DATA RECORDS —

╔══

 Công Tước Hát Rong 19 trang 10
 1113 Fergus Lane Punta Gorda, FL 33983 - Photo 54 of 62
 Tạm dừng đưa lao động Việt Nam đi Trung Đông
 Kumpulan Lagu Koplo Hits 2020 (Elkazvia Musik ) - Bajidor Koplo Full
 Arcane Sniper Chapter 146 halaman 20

╚══
╔══

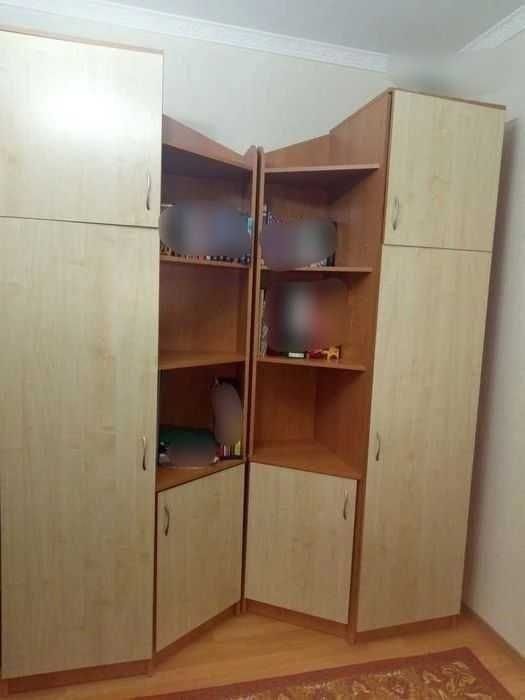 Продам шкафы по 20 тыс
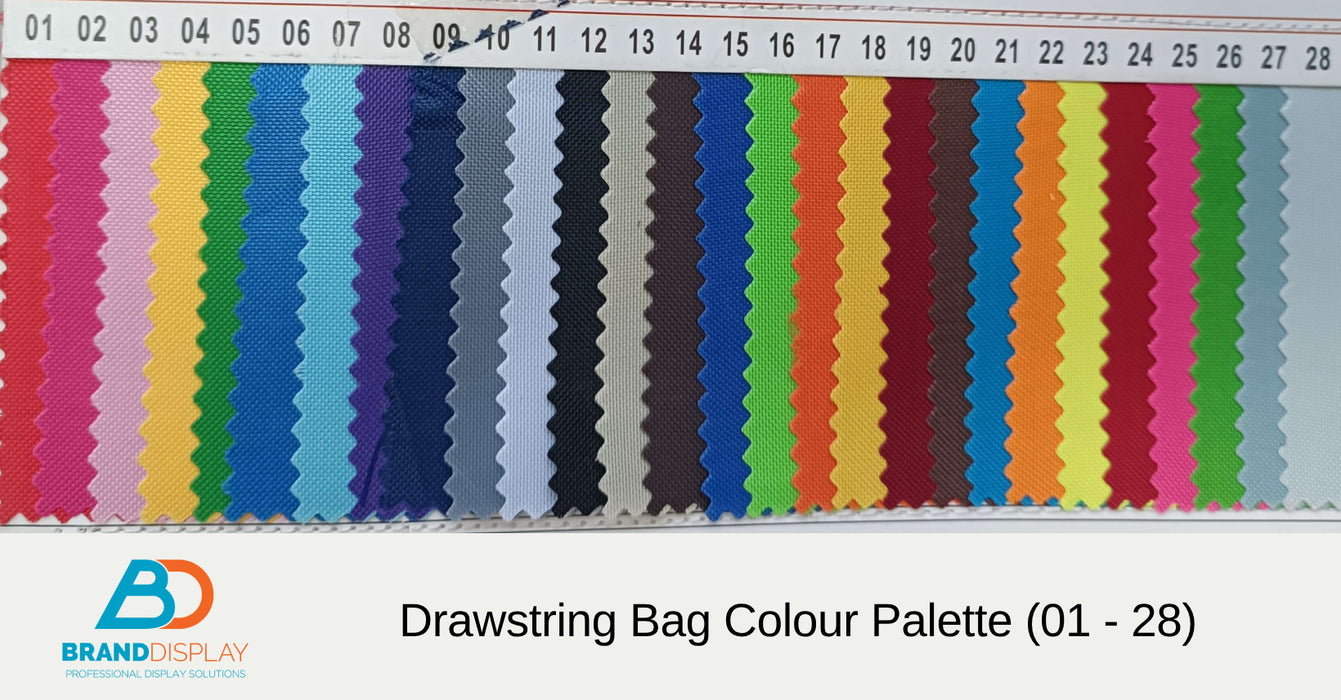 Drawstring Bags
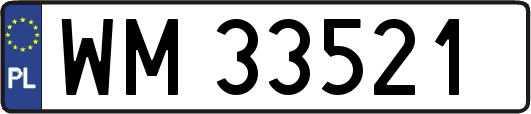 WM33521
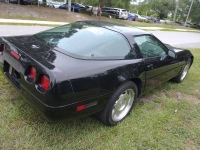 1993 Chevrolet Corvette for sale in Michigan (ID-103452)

╚══

YOUR GOAL — Lines from the one above containing "Drawstring Bags" down to the one containing "1993 Chevrolet Corvette" should be transcribed exactly, with both ends kept and no pictures.

RESPONSE —
 Drawstring Bags
 WM33521
 1993 Chevrolet Corvette for sale in Michigan (ID-103452)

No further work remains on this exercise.